ASSIGNMENT:
All that is needed is an exact repetition of the lines from the one containing "NORYBRAND プリントインナーTシャツ NBD012" through the final line of the material, without pictures.

EXTRACTED RECORDS:
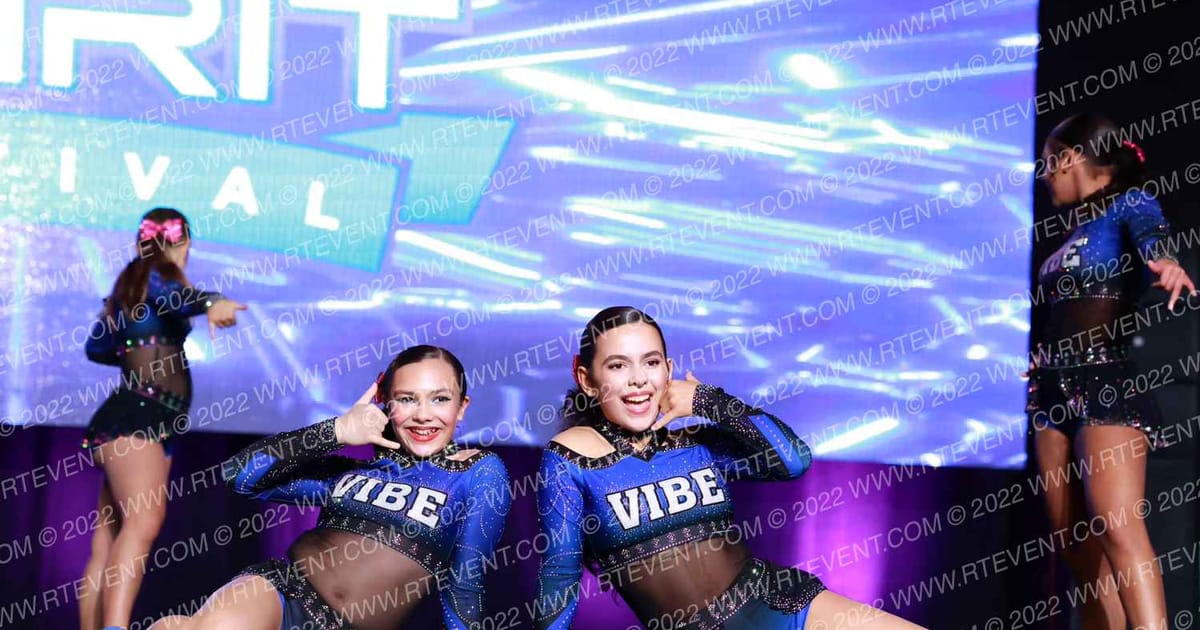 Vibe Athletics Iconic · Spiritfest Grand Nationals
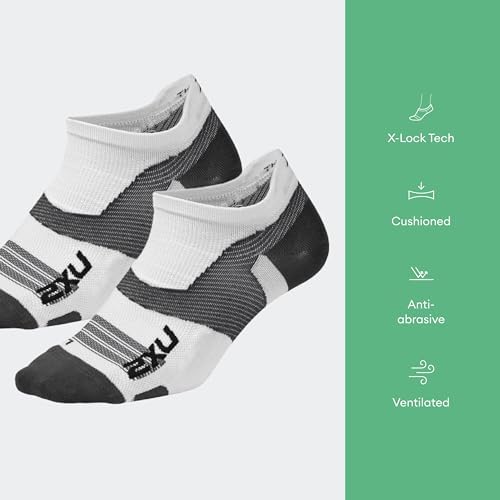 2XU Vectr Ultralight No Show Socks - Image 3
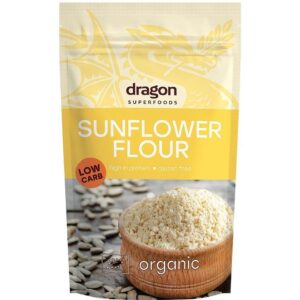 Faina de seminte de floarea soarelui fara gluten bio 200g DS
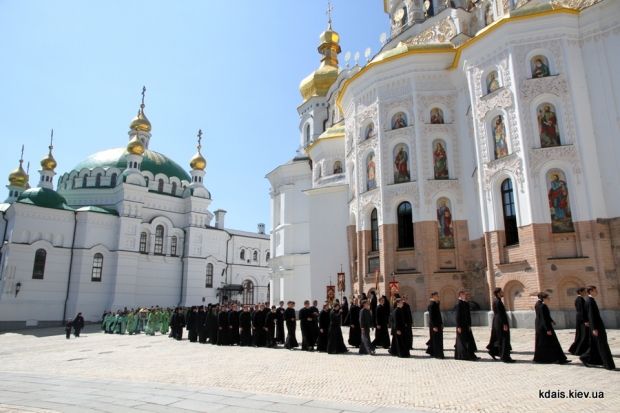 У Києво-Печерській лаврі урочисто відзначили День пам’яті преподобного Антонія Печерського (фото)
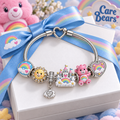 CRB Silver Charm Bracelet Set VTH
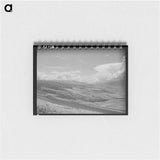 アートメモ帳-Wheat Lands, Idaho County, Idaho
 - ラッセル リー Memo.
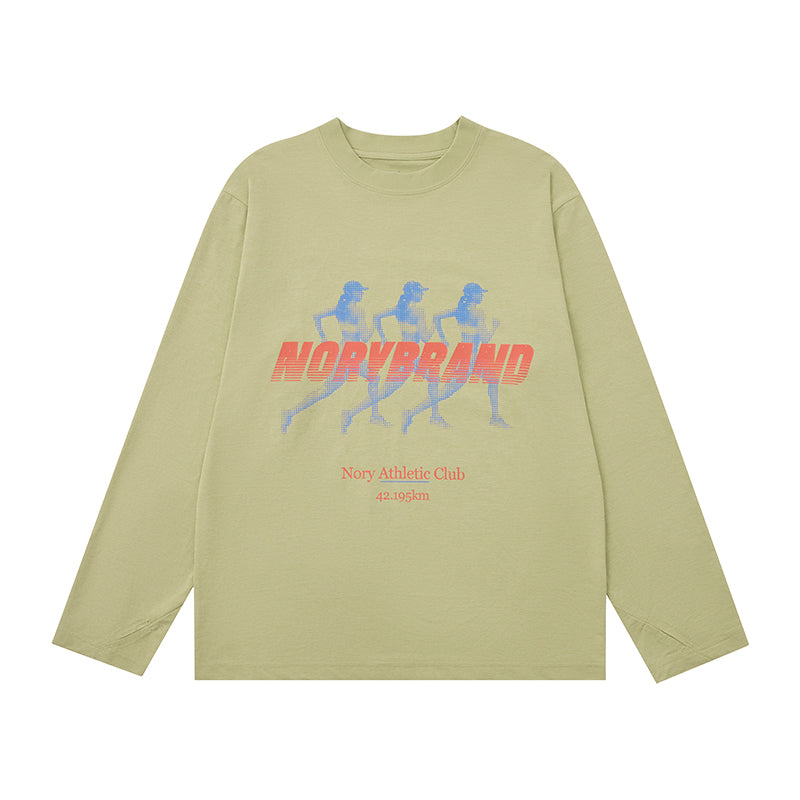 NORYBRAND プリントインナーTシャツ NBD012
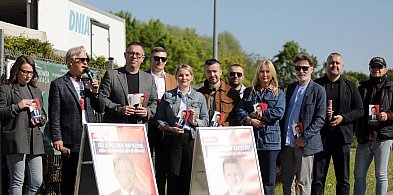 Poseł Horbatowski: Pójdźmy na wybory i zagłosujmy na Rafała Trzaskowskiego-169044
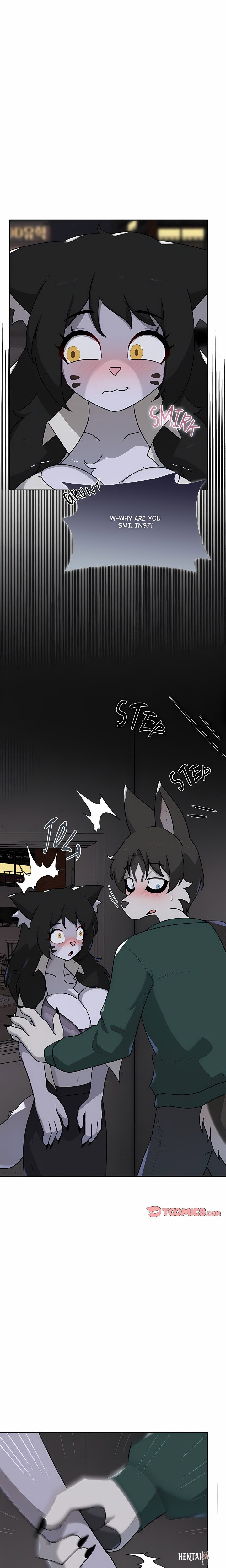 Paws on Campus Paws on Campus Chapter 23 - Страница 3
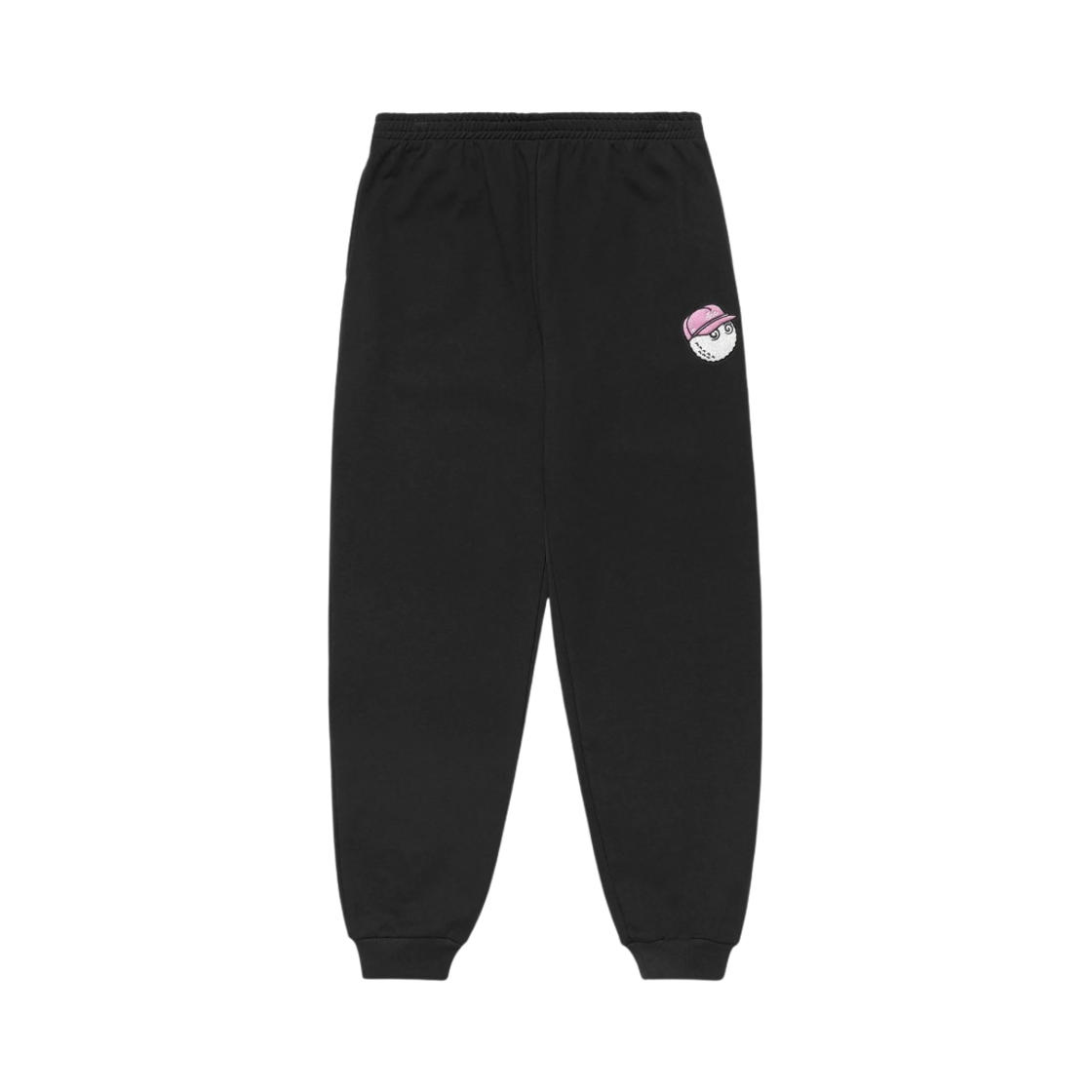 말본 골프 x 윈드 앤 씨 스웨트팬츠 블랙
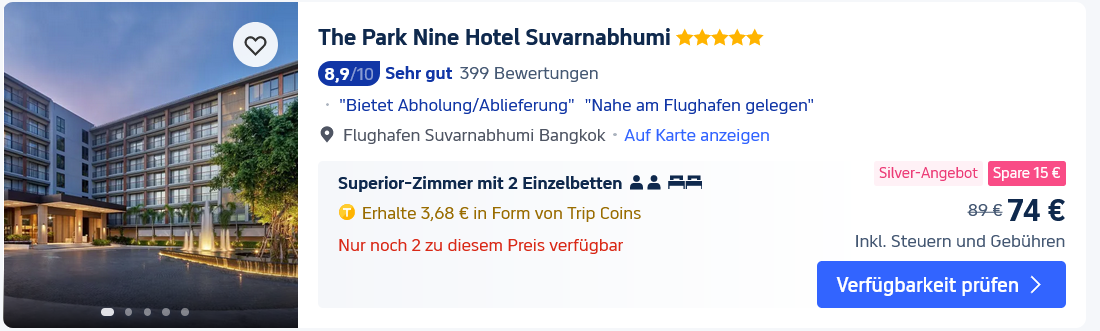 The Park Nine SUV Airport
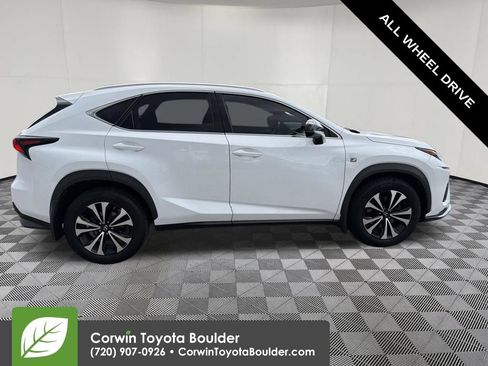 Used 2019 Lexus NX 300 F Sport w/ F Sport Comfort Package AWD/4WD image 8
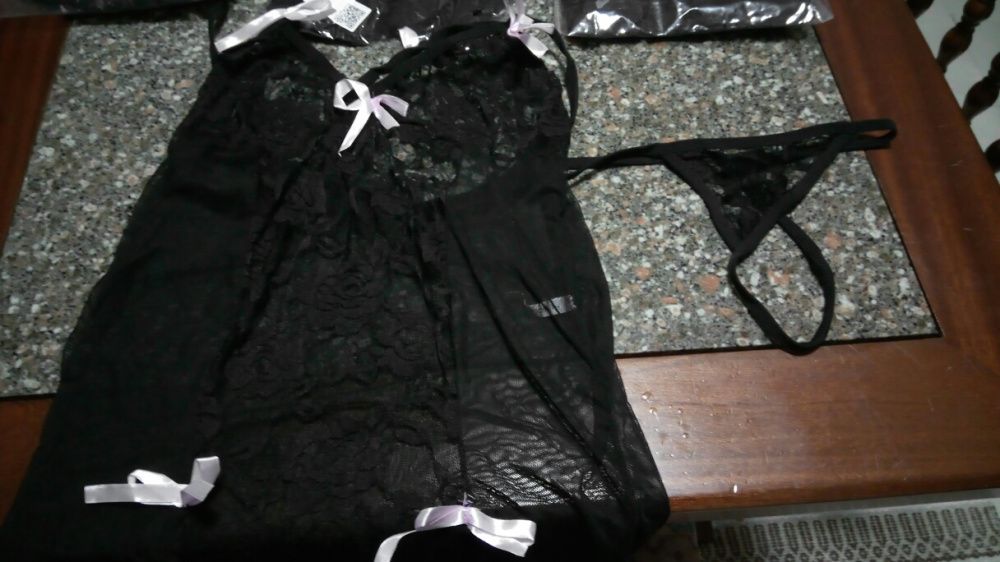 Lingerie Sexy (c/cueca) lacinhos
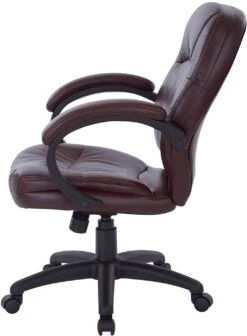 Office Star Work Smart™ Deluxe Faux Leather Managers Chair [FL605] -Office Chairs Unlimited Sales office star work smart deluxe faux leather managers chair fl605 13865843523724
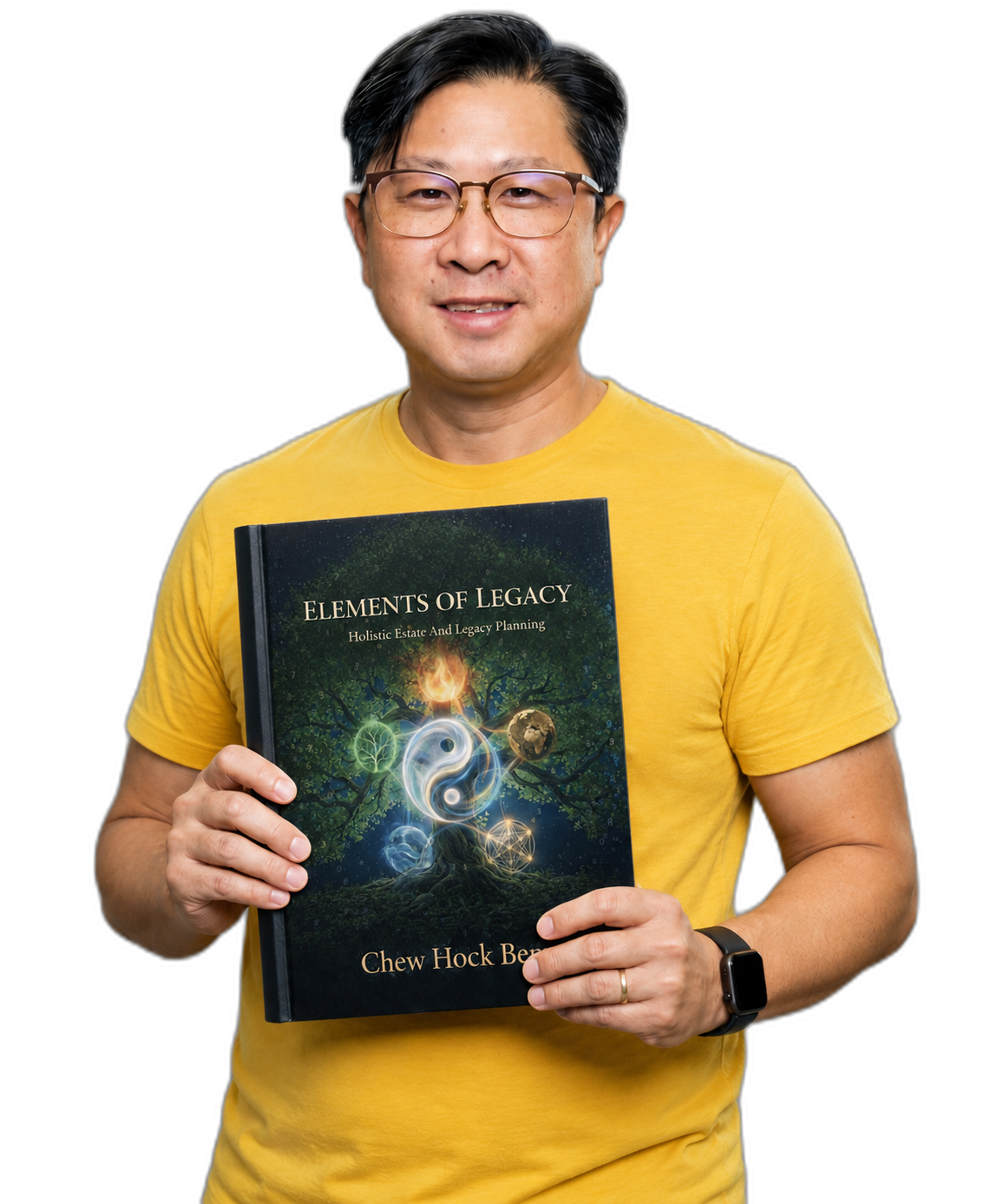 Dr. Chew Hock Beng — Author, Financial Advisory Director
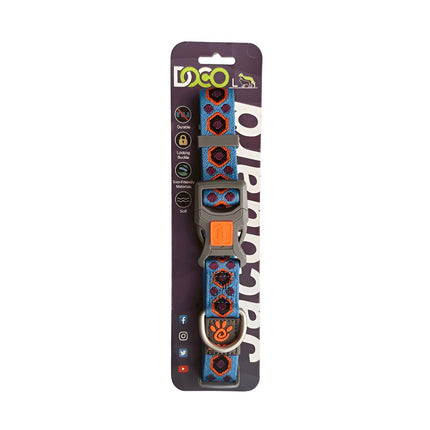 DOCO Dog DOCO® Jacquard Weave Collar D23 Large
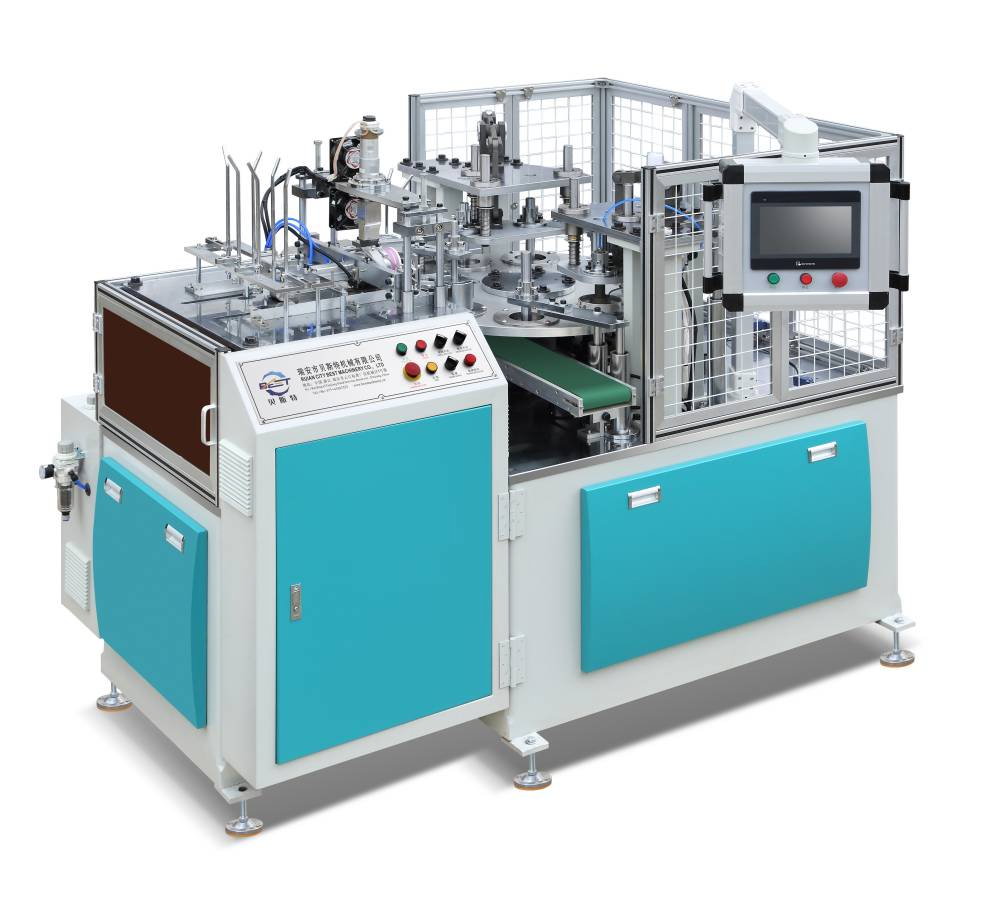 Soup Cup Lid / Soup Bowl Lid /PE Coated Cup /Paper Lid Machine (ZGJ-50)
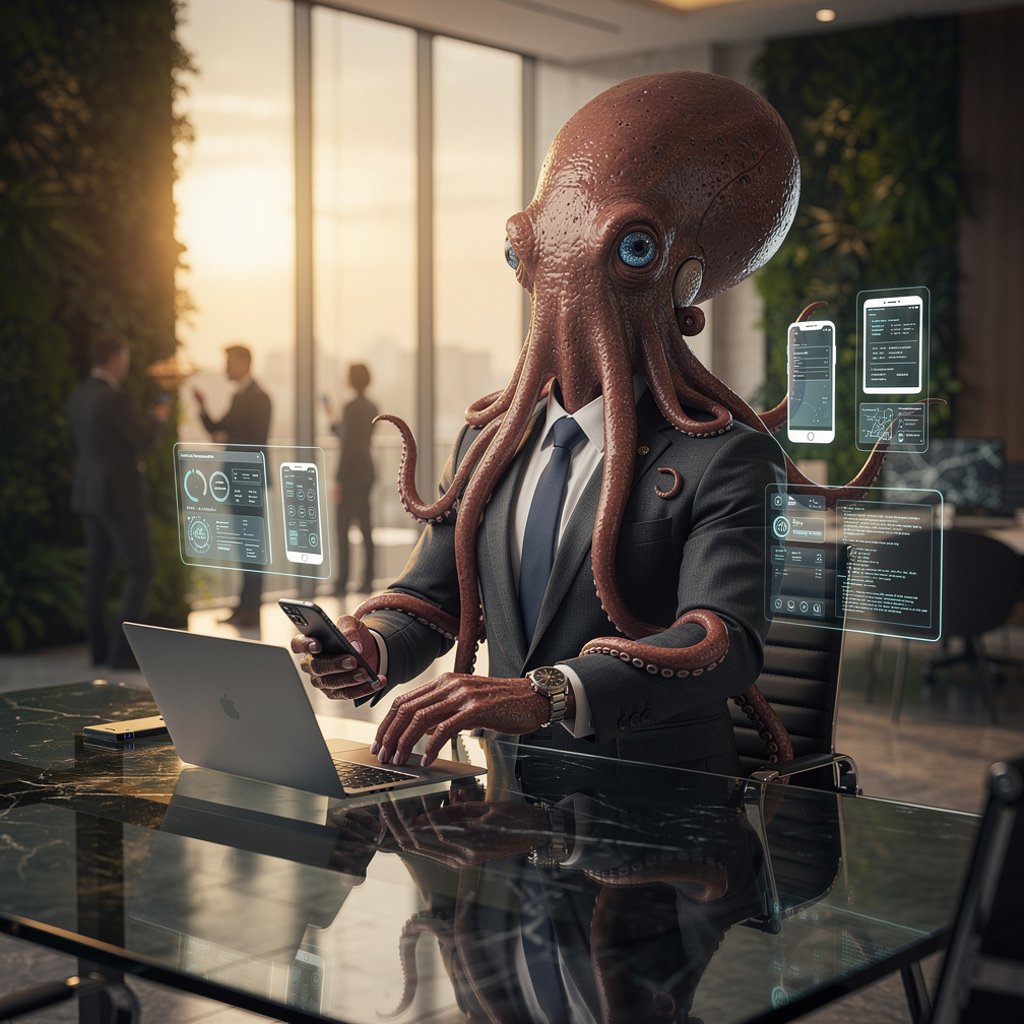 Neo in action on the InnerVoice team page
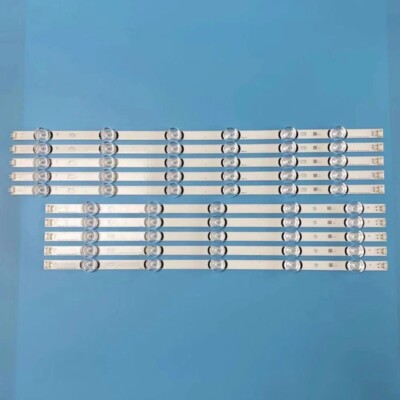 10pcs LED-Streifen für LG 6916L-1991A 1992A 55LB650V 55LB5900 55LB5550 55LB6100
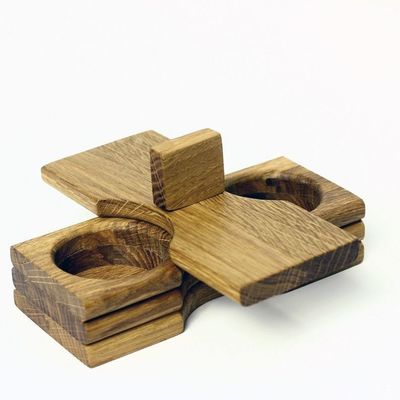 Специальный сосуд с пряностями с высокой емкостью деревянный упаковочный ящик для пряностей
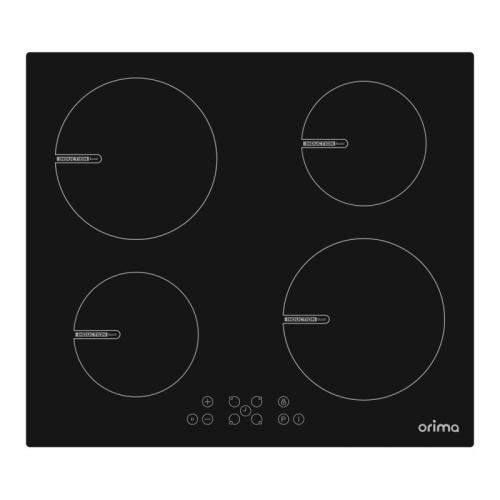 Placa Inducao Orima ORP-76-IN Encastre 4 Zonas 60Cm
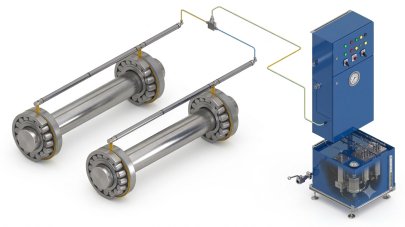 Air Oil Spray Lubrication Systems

RESULT BELOW:
 NORYBRAND プリントインナーTシャツ NBD012
 Poseł Horbatowski: Pójdźmy na wybory i zagłosujmy na Rafała Trzaskowskiego-169044
 Paws on Campus Paws on Campus Chapter 23 - Страница 3
 말본 골프 x 윈드 앤 씨 스웨트팬츠 블랙
 The Park Nine SUV Airport
 Used 2019 Lexus NX 300 F Sport w/ F Sport Comfort Package AWD/4WD image 8
 Lingerie Sexy (c/cueca) lacinhos
 Office Star Work Smart™ Deluxe Faux Leather Managers Chair [FL605] -Office Chairs Unlimited Sales office star work smart deluxe faux leather managers chair fl605 13865843523724
 Dr. Chew Hock Beng — Author, Financial Advisory Director
 DOCO Dog DOCO® Jacquard Weave Collar D23 Large
 Soup Cup Lid / Soup Bowl Lid /PE Coated Cup /Paper Lid Machine (ZGJ-50)
 Neo in action on the InnerVoice team page
 10pcs LED-Streifen für LG 6916L-1991A 1992A 55LB650V 55LB5900 55LB5550 55LB6100
 Специальный сосуд с пряностями с высокой емкостью деревянный упаковочный ящик для пряностей
 Placa Inducao Orima ORP-76-IN Encastre 4 Zonas 60Cm
 Air Oil Spray Lubrication Systems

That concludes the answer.